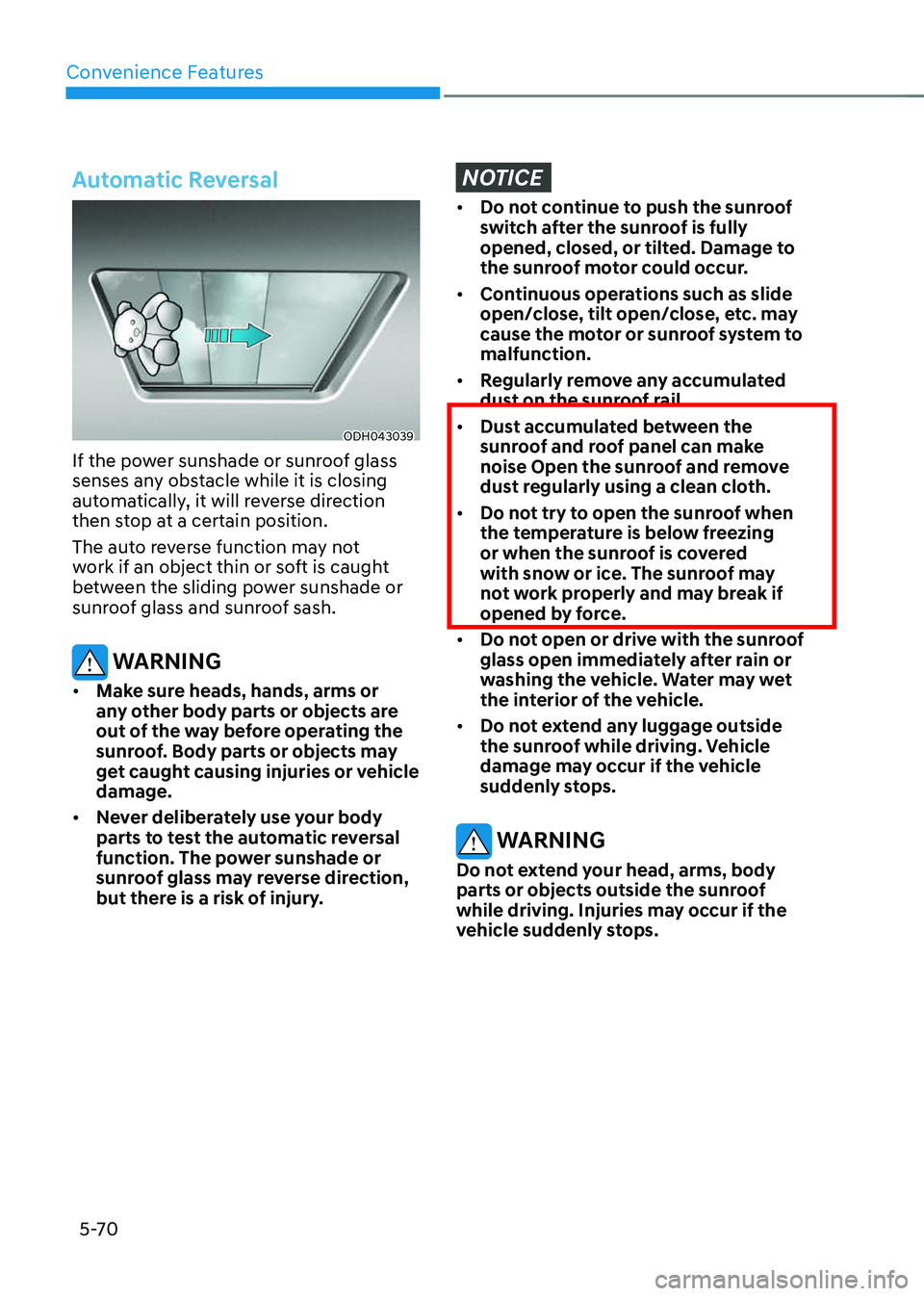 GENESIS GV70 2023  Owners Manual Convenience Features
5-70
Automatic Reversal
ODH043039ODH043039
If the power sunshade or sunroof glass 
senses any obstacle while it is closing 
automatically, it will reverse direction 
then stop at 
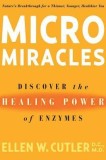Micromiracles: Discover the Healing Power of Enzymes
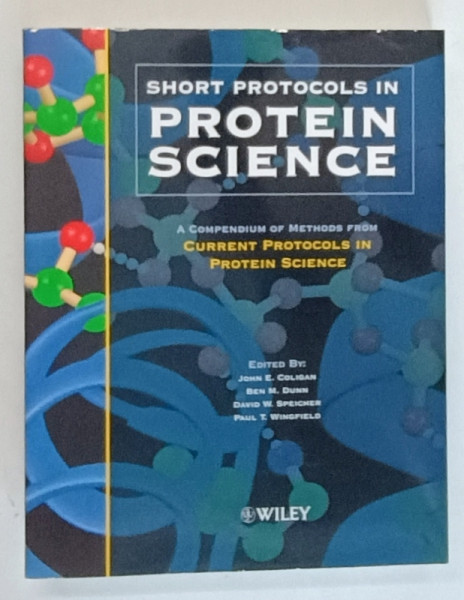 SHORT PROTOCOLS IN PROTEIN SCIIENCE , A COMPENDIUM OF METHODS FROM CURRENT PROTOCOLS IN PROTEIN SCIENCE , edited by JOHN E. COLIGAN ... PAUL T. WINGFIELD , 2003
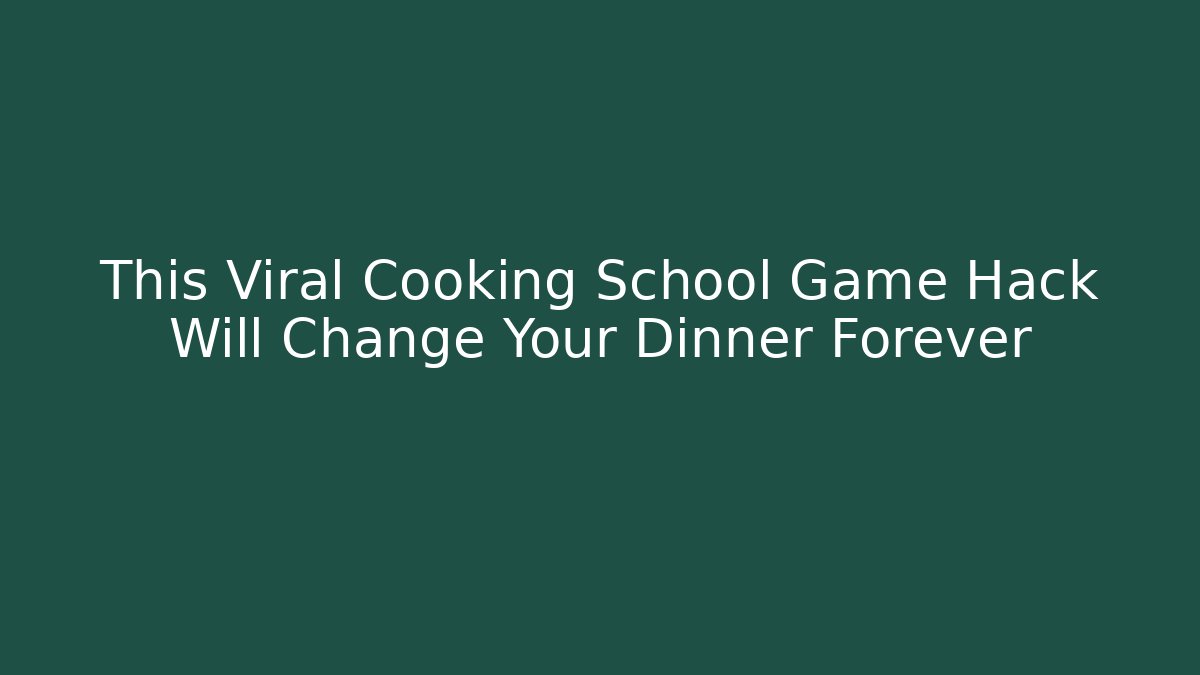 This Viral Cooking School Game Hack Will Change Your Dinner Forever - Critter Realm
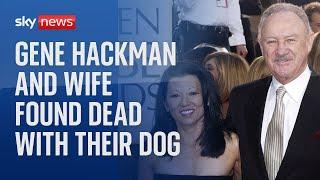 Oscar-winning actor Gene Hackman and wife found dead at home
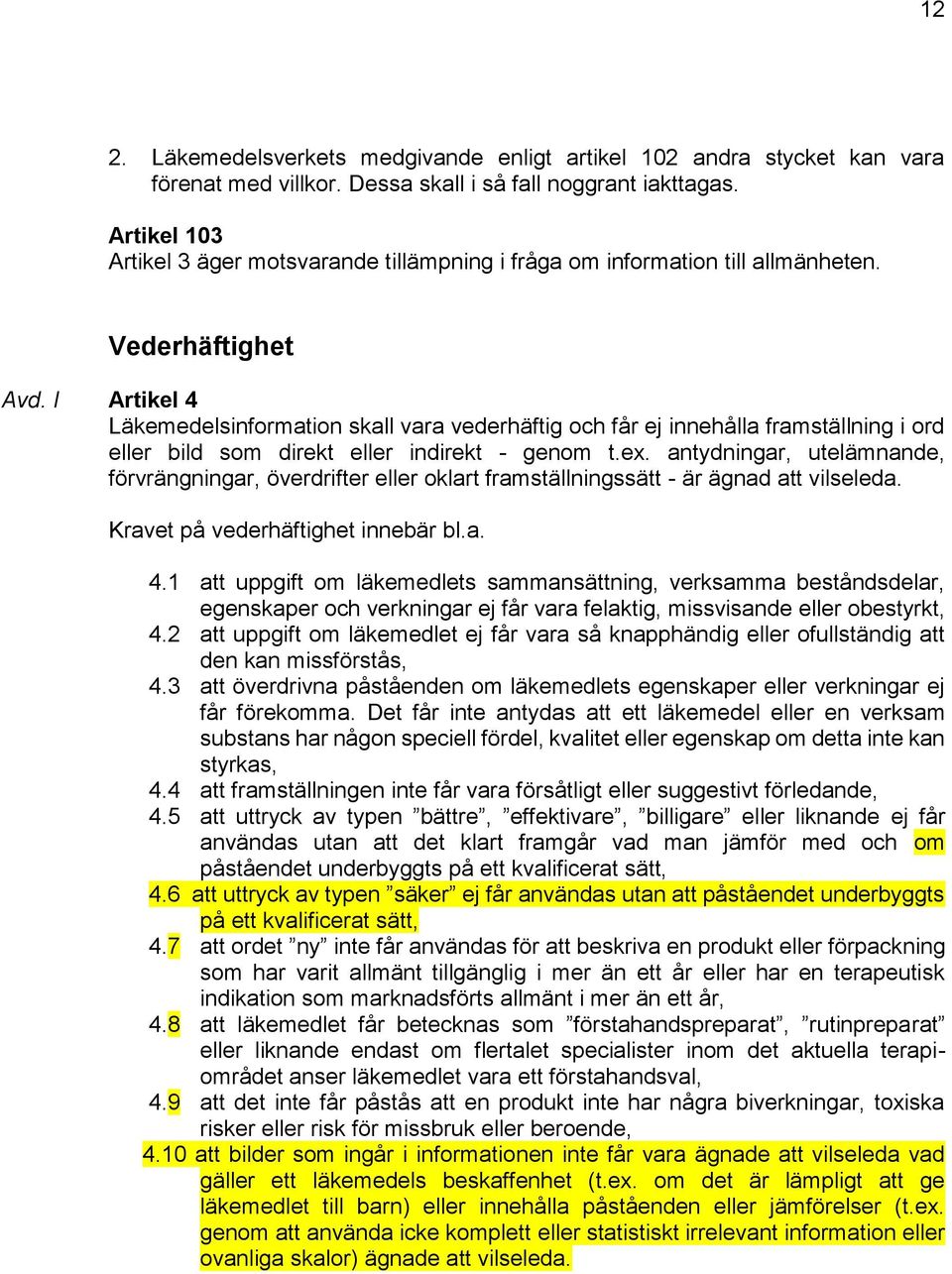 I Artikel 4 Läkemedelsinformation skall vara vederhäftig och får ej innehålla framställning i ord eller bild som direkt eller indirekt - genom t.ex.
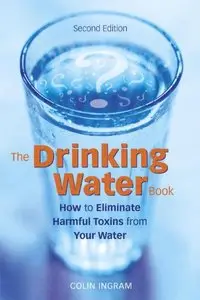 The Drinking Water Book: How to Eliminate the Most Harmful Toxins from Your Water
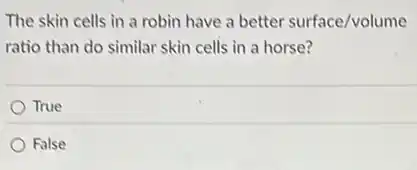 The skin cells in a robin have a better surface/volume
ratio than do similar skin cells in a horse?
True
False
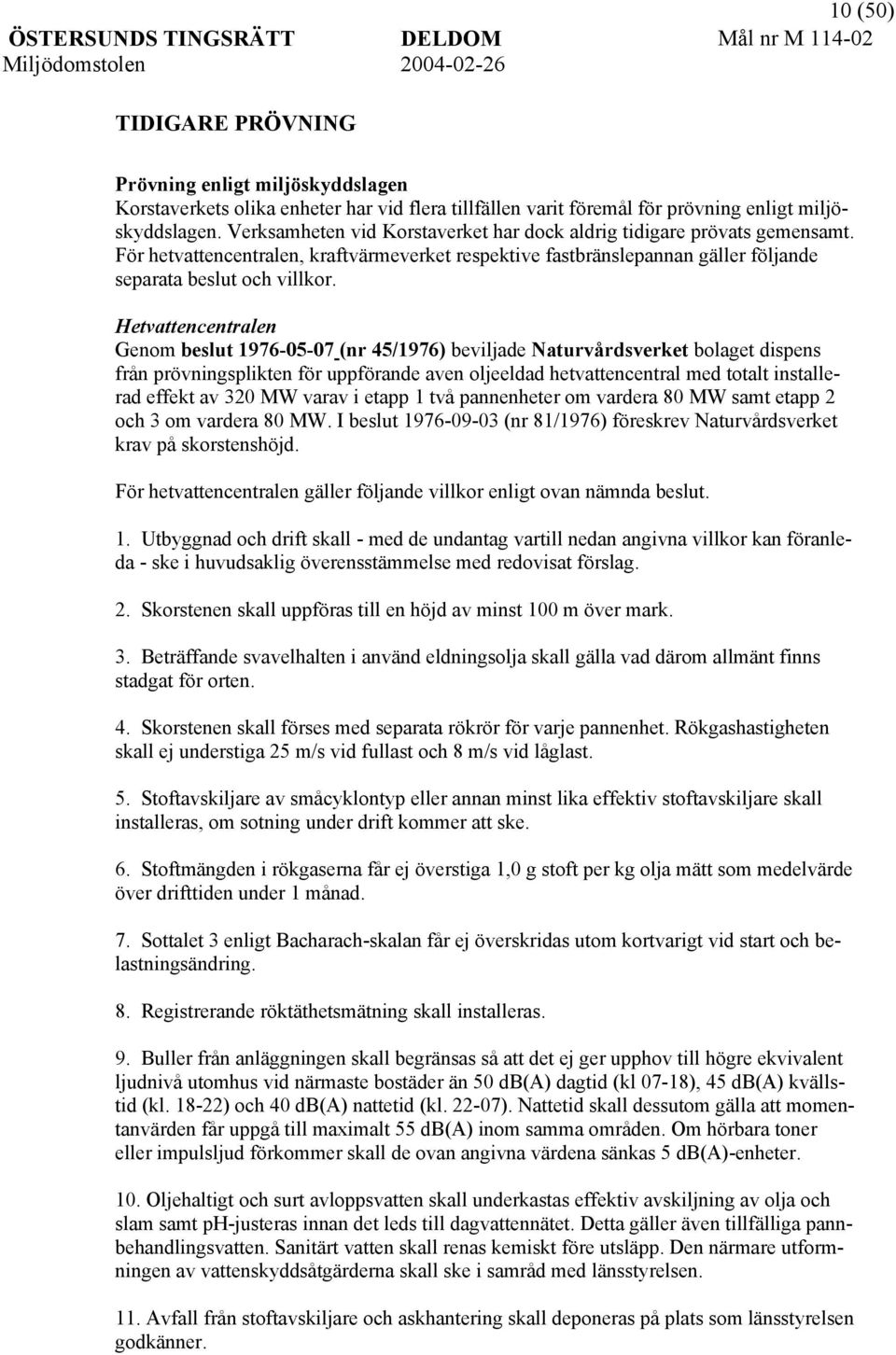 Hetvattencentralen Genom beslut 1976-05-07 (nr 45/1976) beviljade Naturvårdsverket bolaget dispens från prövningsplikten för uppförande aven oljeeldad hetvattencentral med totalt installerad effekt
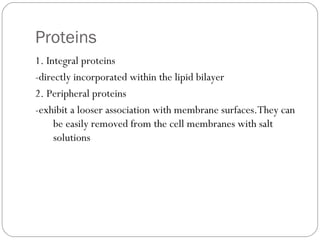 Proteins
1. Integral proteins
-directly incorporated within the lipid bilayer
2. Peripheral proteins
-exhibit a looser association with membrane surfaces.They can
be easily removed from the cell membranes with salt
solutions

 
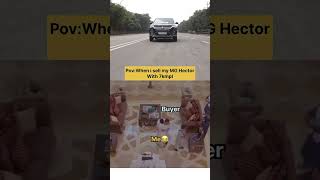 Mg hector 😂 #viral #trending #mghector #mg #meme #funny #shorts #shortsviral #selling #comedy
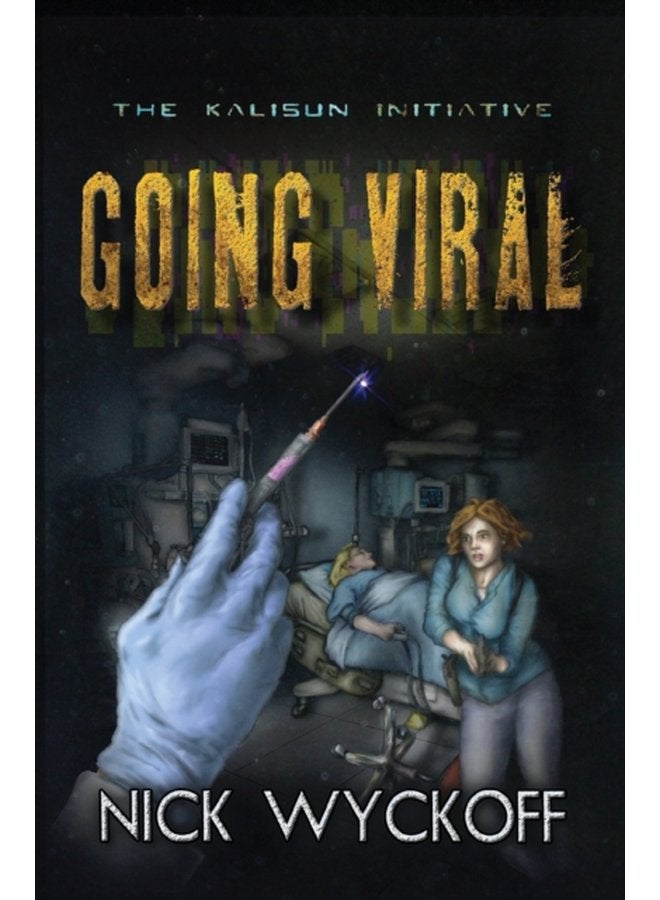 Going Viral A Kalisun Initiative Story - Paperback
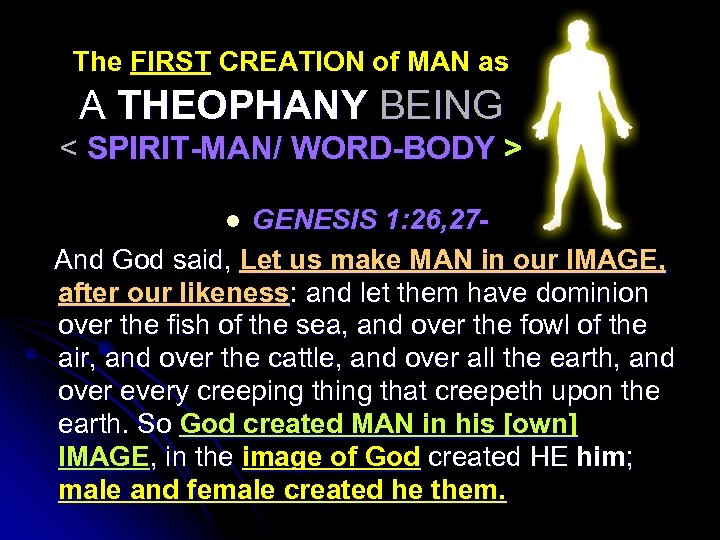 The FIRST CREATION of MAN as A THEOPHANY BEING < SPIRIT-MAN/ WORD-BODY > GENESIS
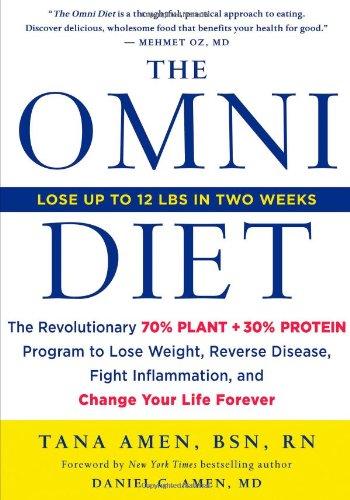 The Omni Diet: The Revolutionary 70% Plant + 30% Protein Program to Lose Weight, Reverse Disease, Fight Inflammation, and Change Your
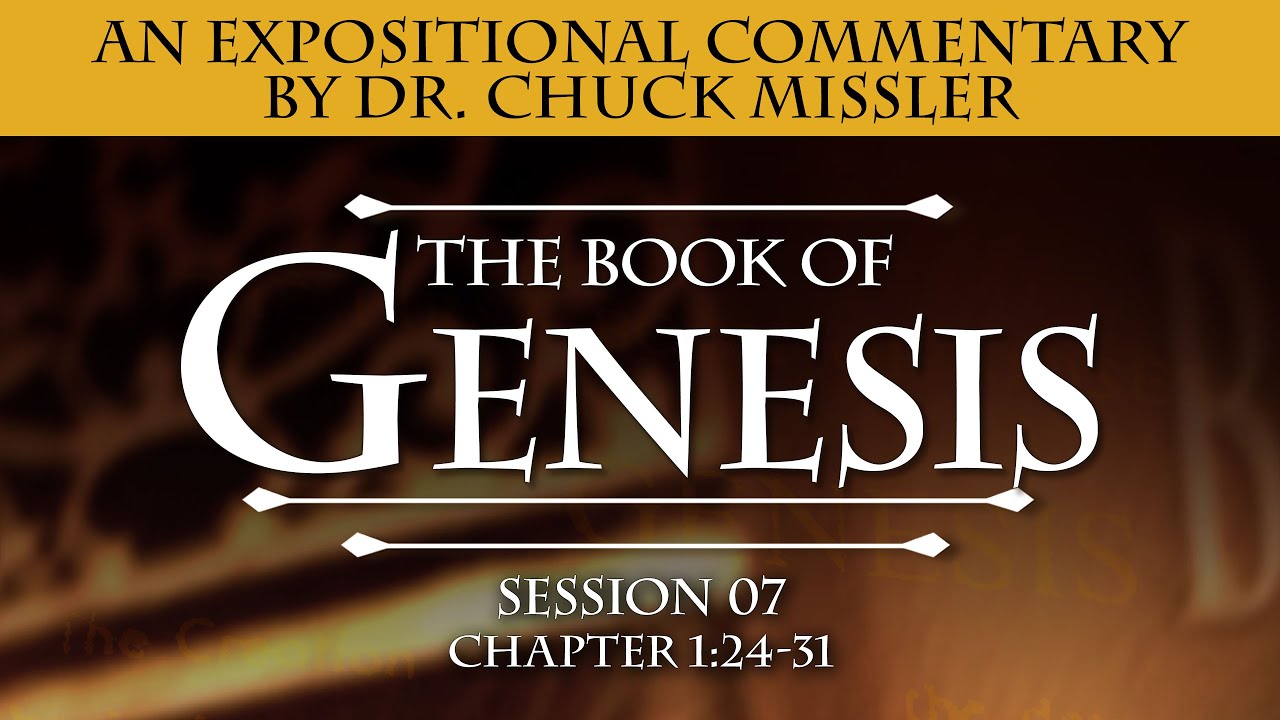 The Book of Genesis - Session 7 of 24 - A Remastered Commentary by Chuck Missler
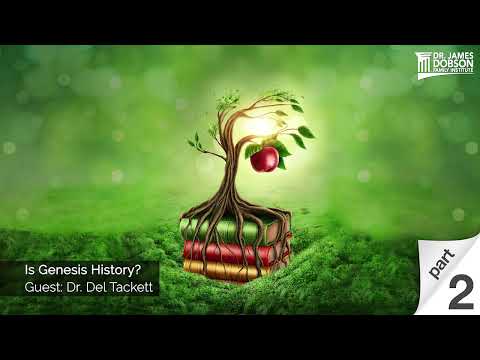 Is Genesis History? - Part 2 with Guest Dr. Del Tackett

● **What you will do**: Starting with the line that has "ODH043039ODH043039" and going on through the line that has "I Artikel 4", transcribe the records above exactly, but skip the pictures.

● **Answer section**:
ODH043039ODH043039
If the power sunshade or sunroof glass 
senses any obstacle while it is closing 
automatically, it will reverse direction 
then stop at 
Micromiracles: Discover the Healing Power of Enzymes
 SHORT PROTOCOLS IN PROTEIN SCIIENCE , A COMPENDIUM OF METHODS FROM CURRENT PROTOCOLS IN PROTEIN SCIENCE , edited by JOHN E. COLIGAN ... PAUL T. WINGFIELD , 2003
 This Viral Cooking School Game Hack Will Change Your Dinner Forever - Critter Realm
 Oscar-winning actor Gene Hackman and wife found dead at home
 I Artikel 4 Läkemedelsinformation skall vara vederhäftig och får ej innehålla framställning i ord eller bild som direkt eller indirekt - genom t.ex.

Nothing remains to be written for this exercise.